> WHAT NEEDS TO BE DONE
The answer must consist only of the lines in the records below from the line with "Peugeot 3008 157kW" to the line with "Uniklinik Köln Priv.-Doz.", both included, copied word for word with every picture left out.

> RECORDED DATA

┄┄┄┄┄┄

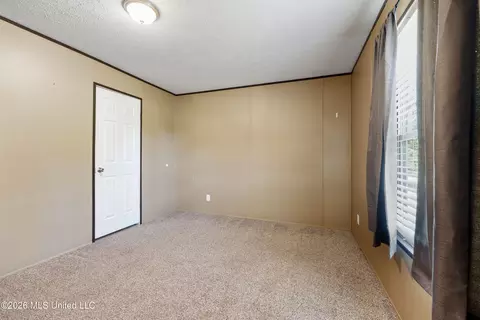 Bedroom - 5805 Mcingvale Rd, Hernando, MS 38632 photo 7 of 8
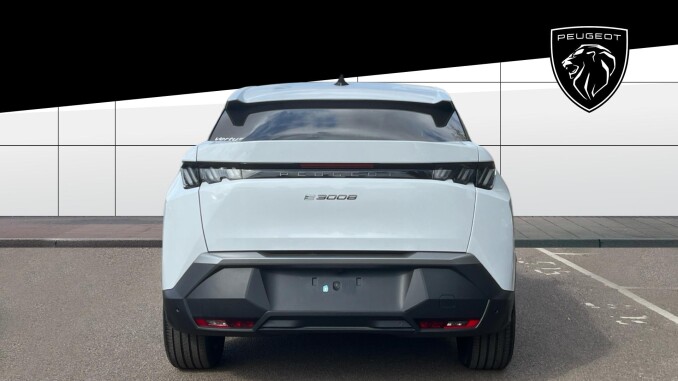 Peugeot 3008 157kW Allure 73kWh 5dr Auto Electric Estate - Image 6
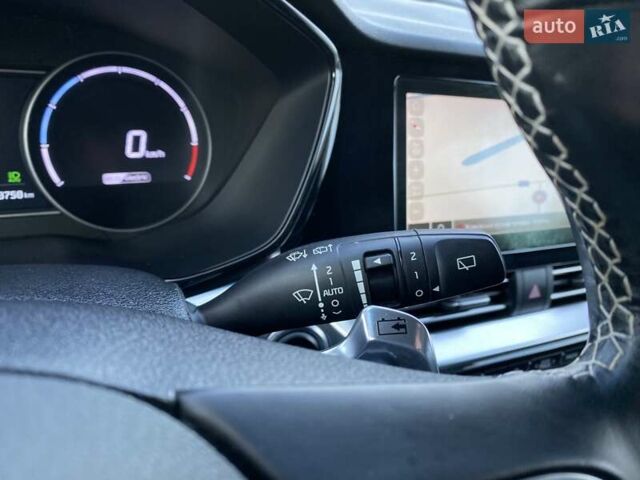Чорний Кіа Niro, об'ємом двигуна 0 л та пробігом 88 тис. км за 22900 $, фото 32 на Automoto.ua
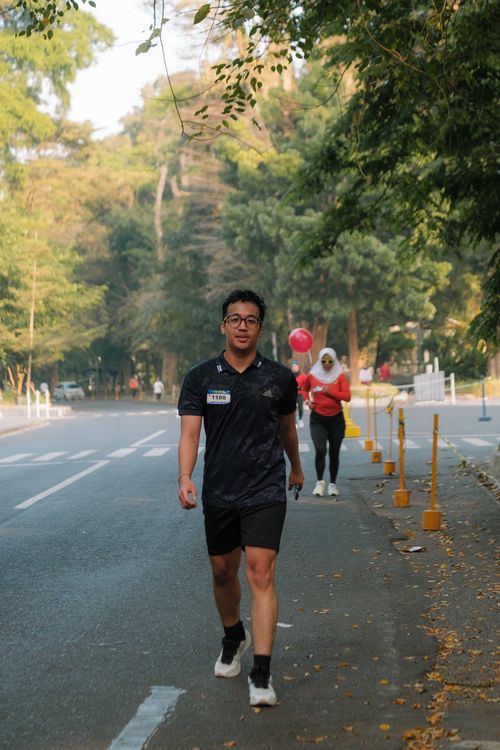 Race photo from Happy One Decade Unpad Runner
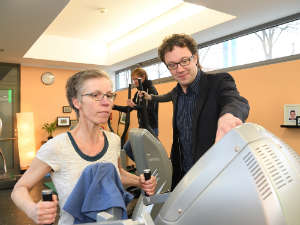Priv.-Doz. Dr. Freerk Baumann auf der Fläche der Onkologische Trainings- und therapie (OTT) in der Uniklinik Köln, Foto: Uniklinik Köln Priv.-Doz. Dr. Freerk Baumann auf der Fläche der Onkologische Trainings- und therapie (OTT) in der Uniklinik Köln, Foto: Uniklinik Köln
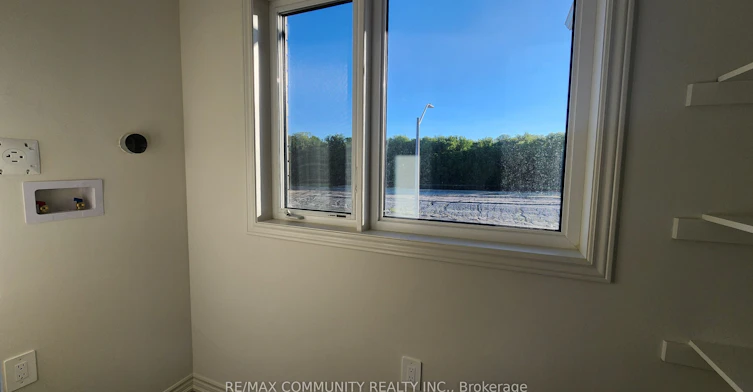 B-58 Donald Cameron Crescent, Clarington, ON, L1E 0M4 - 11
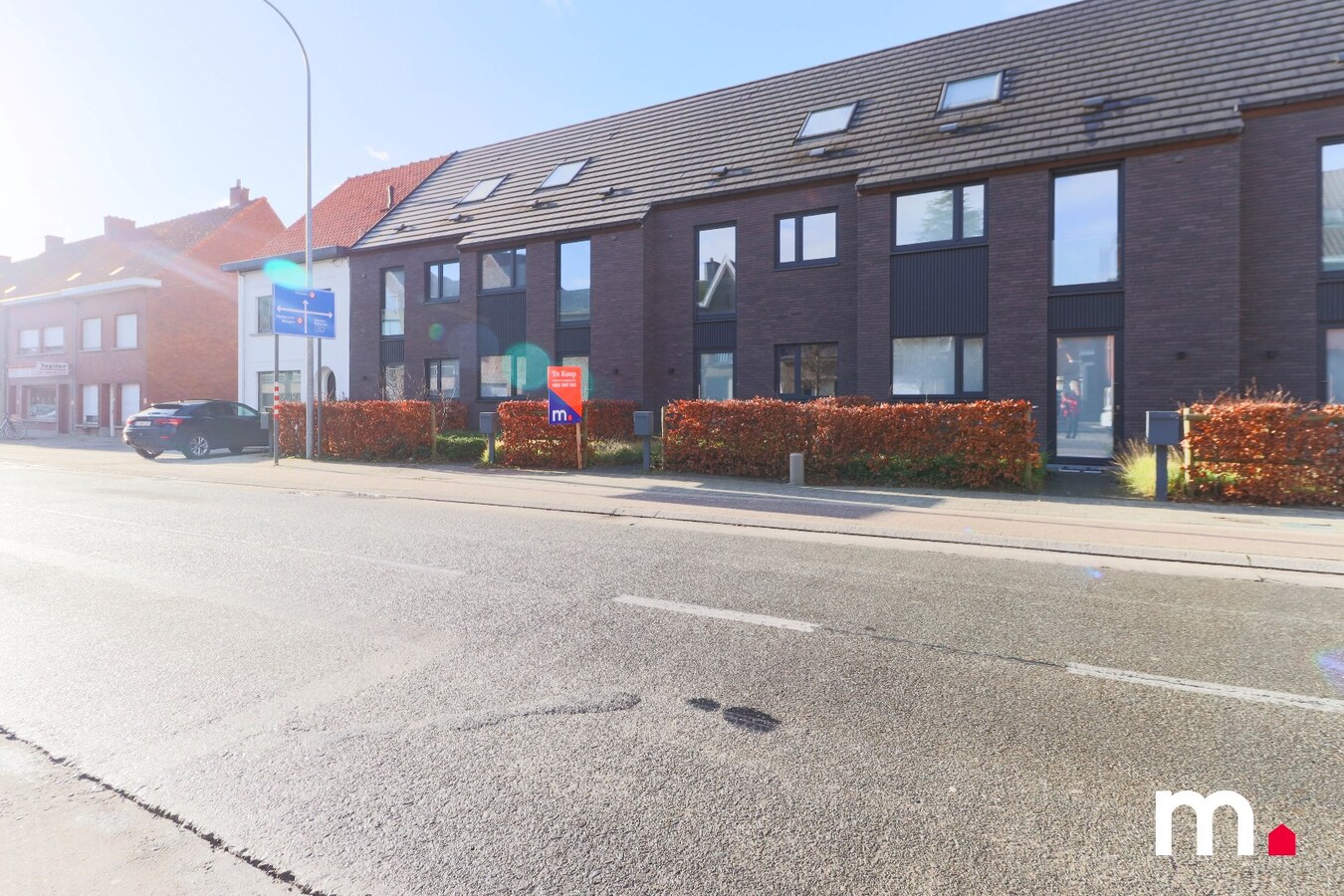 Luxe woning te Izegem!  EPC A  en moderne voorzieningen met uitweg en garage achteraan !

┄┄┄┄┄┄

> YOUR SOLUTION
 Peugeot 3008 157kW Allure 73kWh 5dr Auto Electric Estate - Image 6
Чорний Кіа Niro, об'ємом двигуна 0 л та пробігом 88 тис. км за 22900 $, фото 32 на Automoto.ua
 Race photo from Happy One Decade Unpad Runner
Priv.-Doz. Dr. Freerk Baumann auf der Fläche der Onkologische Trainings- und therapie (OTT) in der Uniklinik Köln, Foto: Uniklinik Köln Priv.-Doz. Dr. Freerk Baumann auf der Fläche der Onkologische Trainings- und therapie (OTT) in der Uniklinik Köln, Foto: Uniklinik Köln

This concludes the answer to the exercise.